WHAT IS NEEDED:
What is needed is an exact copy of the lines in the entries below from the one holding "Cabezal de ducha" through the one holding "Old Navy Medium", pictures excluded.

SUPPLIED MATERIAL:
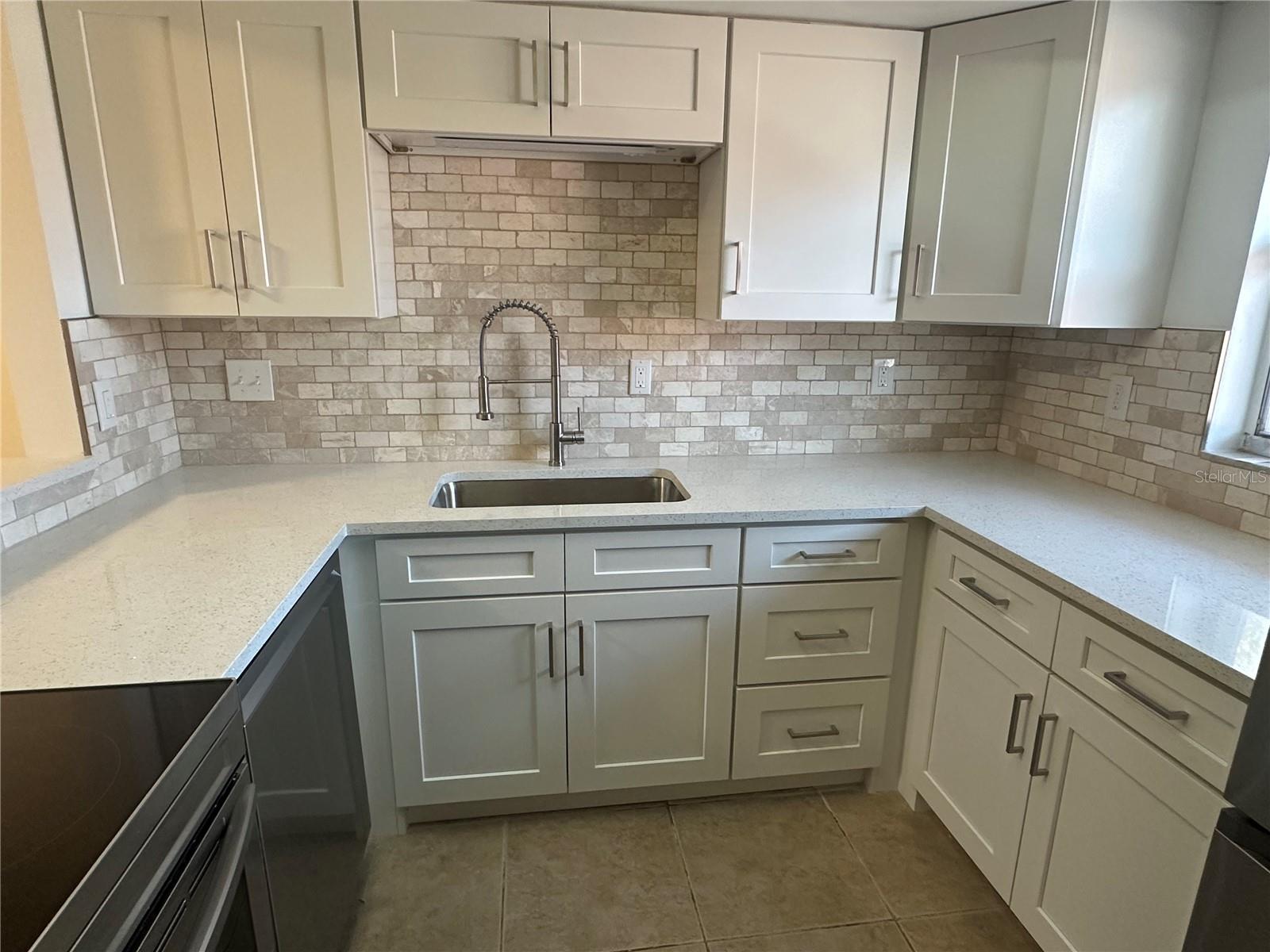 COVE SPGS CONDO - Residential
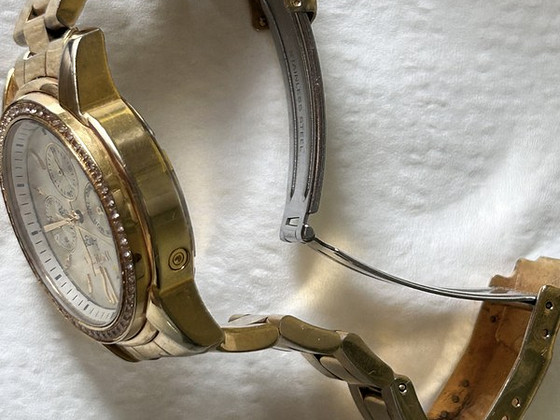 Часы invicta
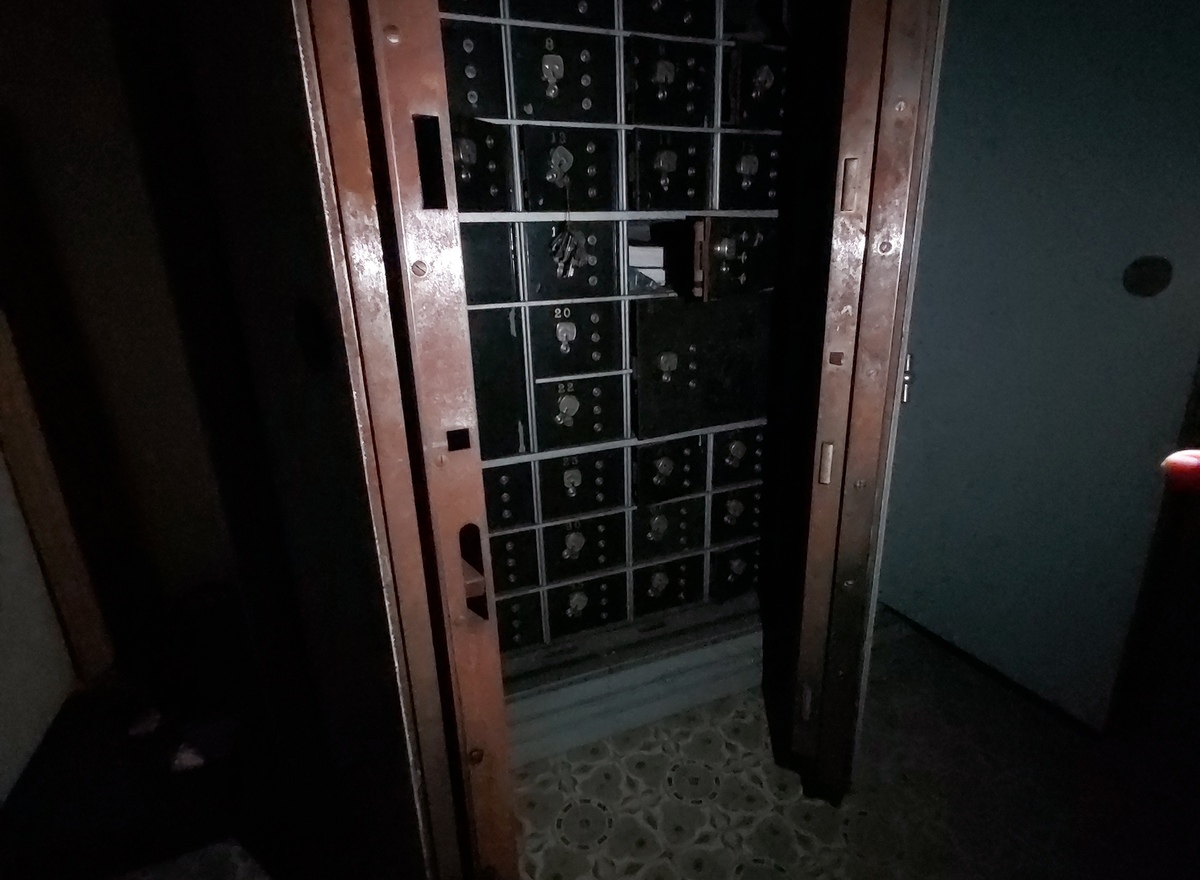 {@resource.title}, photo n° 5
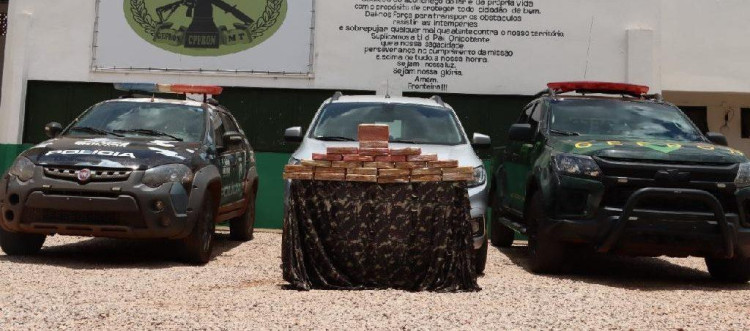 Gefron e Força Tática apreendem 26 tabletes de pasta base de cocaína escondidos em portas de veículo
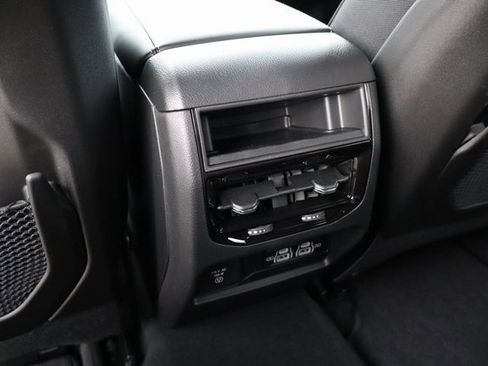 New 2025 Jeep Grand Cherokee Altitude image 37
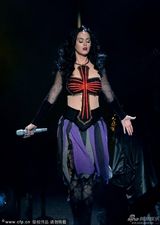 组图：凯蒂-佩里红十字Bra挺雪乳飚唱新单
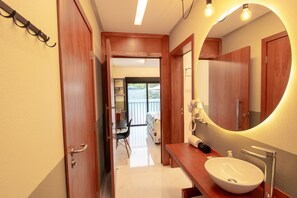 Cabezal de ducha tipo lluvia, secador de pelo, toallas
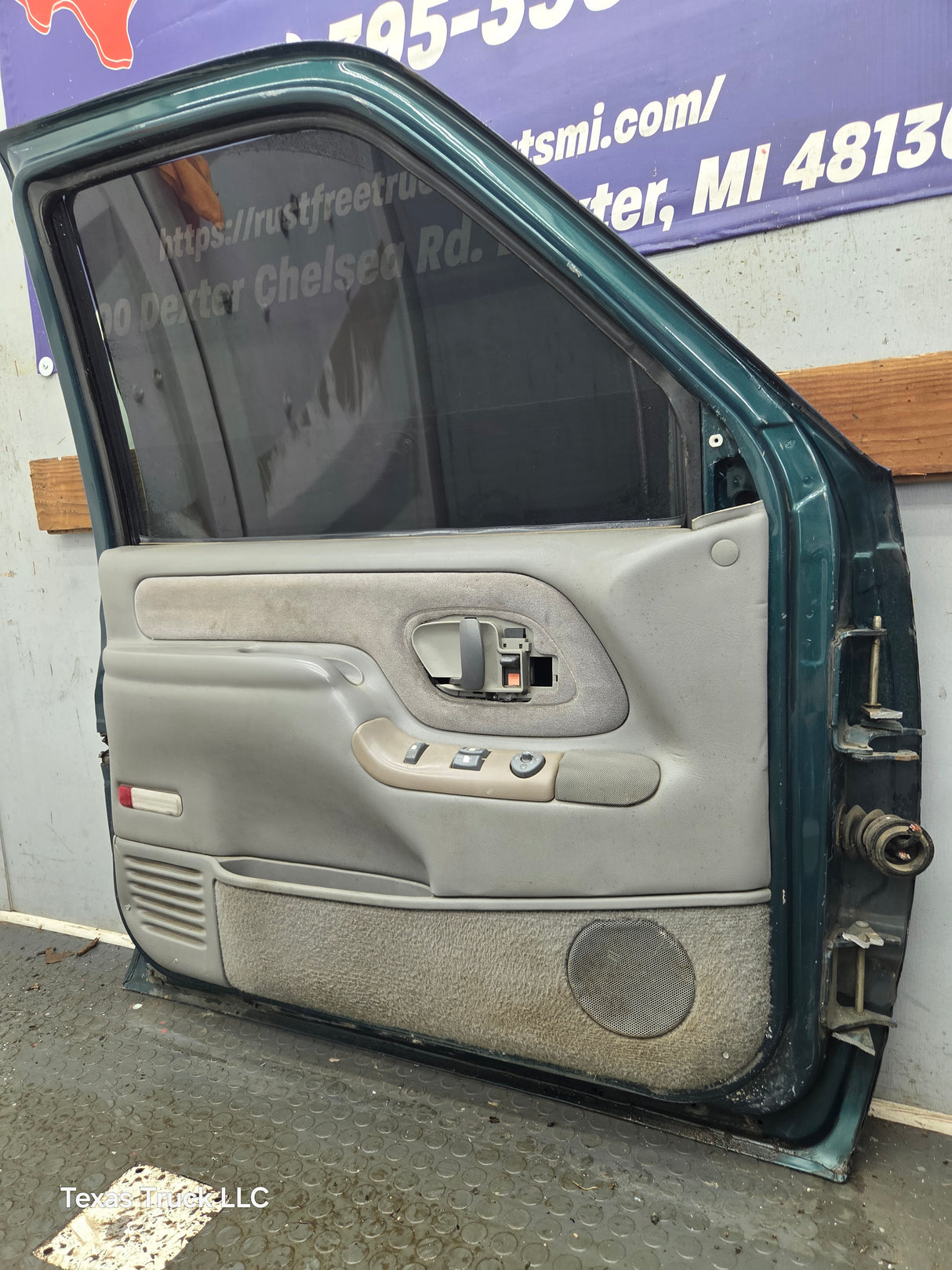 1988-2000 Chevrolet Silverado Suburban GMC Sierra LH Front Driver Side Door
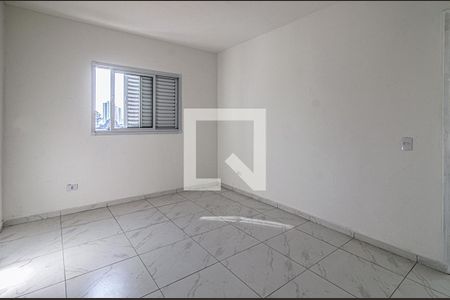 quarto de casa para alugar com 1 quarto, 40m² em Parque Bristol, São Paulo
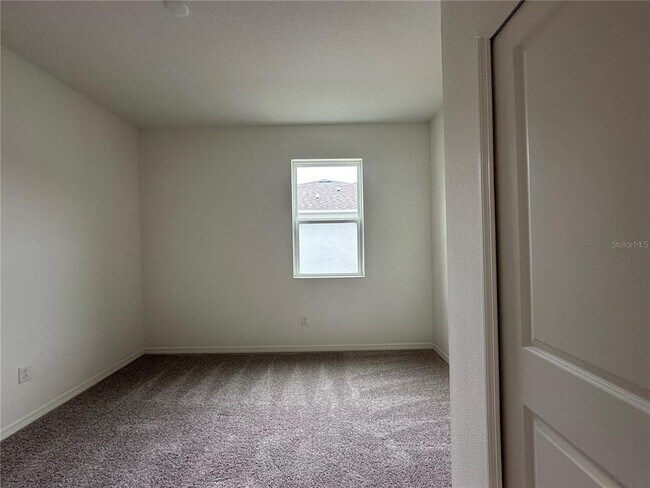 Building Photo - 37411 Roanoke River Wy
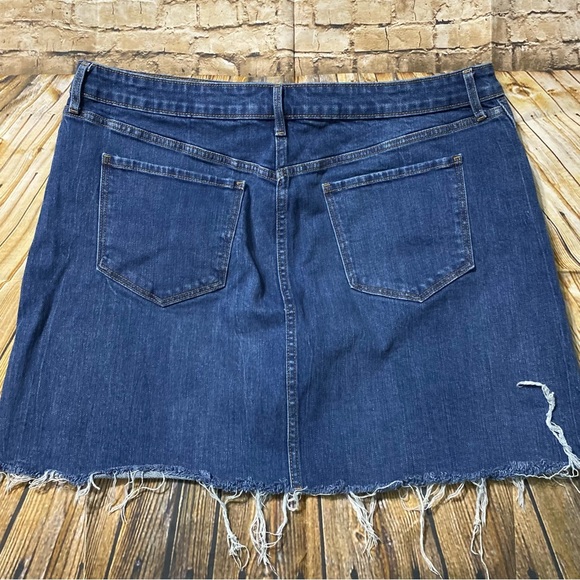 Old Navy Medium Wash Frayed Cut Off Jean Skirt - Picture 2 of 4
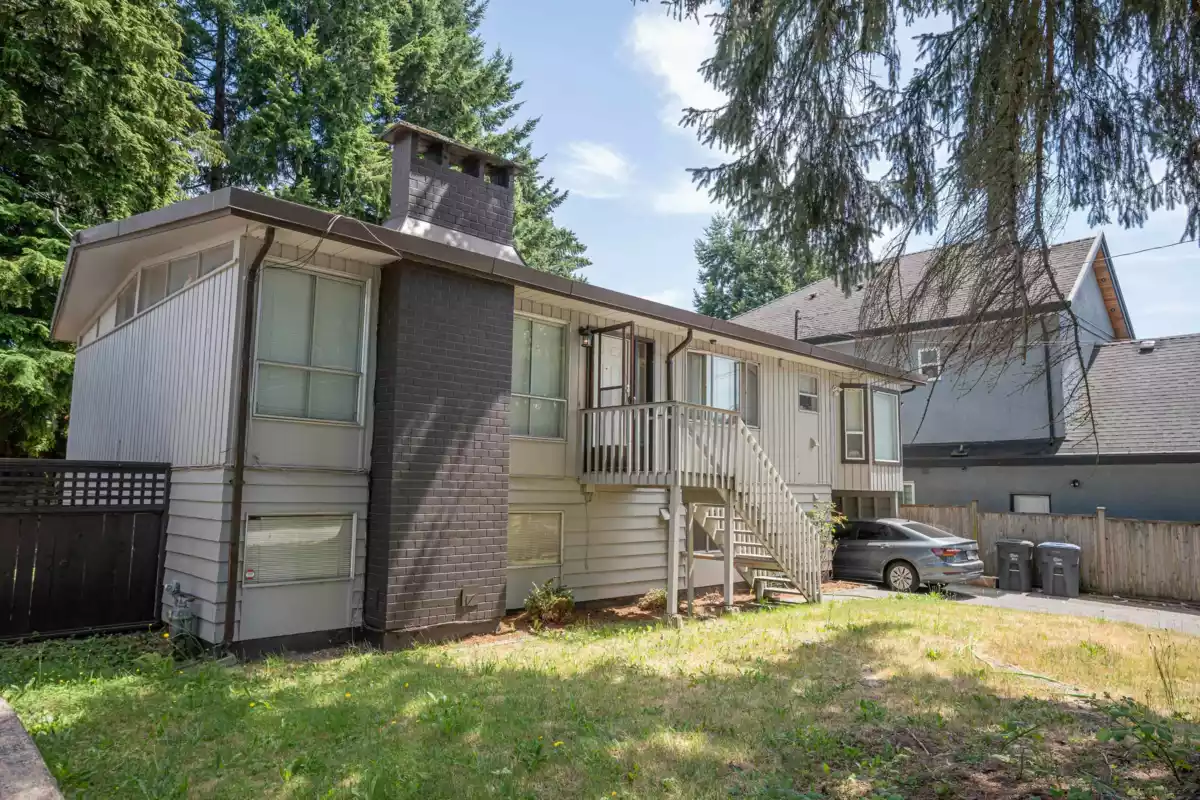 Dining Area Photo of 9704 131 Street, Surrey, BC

RESPONSE TO THIS EXERCISE:
 Cabezal de ducha tipo lluvia, secador de pelo, toallas
 1988-2000 Chevrolet Silverado Suburban GMC Sierra LH Front Driver Side Door
 quarto de casa para alugar com 1 quarto, 40m² em Parque Bristol, São Paulo
 Building Photo - 37411 Roanoke River Wy
 Old Navy Medium Wash Frayed Cut Off Jean Skirt - Picture 2 of 4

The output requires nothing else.